- What you have to do
All of the data below is to be repeated exactly, except for the pictures.

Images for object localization
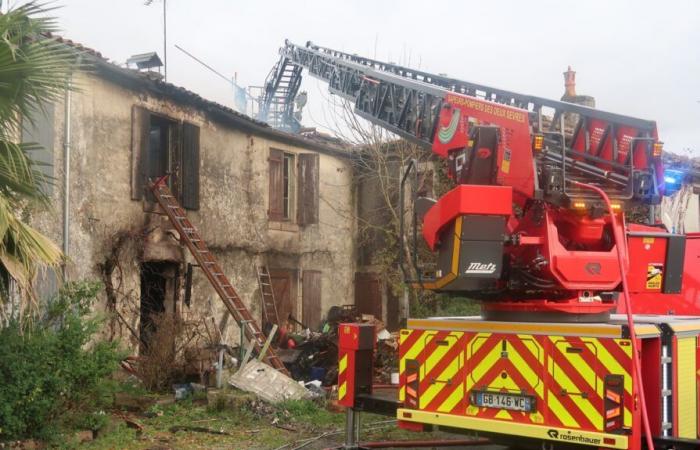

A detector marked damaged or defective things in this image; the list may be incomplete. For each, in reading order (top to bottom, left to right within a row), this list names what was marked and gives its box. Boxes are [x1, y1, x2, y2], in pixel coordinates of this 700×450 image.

damaged roof [51, 33, 352, 157]
broken window [131, 106, 200, 210]
broken window [268, 149, 320, 224]
charred doorway [140, 262, 180, 354]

- Expected answer
A detector marked damaged or defective things in this image; the list may be incomplete. For each, in reading order (top to bottom, left to right within a row), this list names what was marked and gives its box. Boxes are [x1, y1, x2, y2], in pixel coordinates of this 700×450 image.

damaged roof [51, 33, 352, 157]
broken window [131, 106, 200, 210]
broken window [268, 149, 320, 224]
charred doorway [140, 262, 180, 354]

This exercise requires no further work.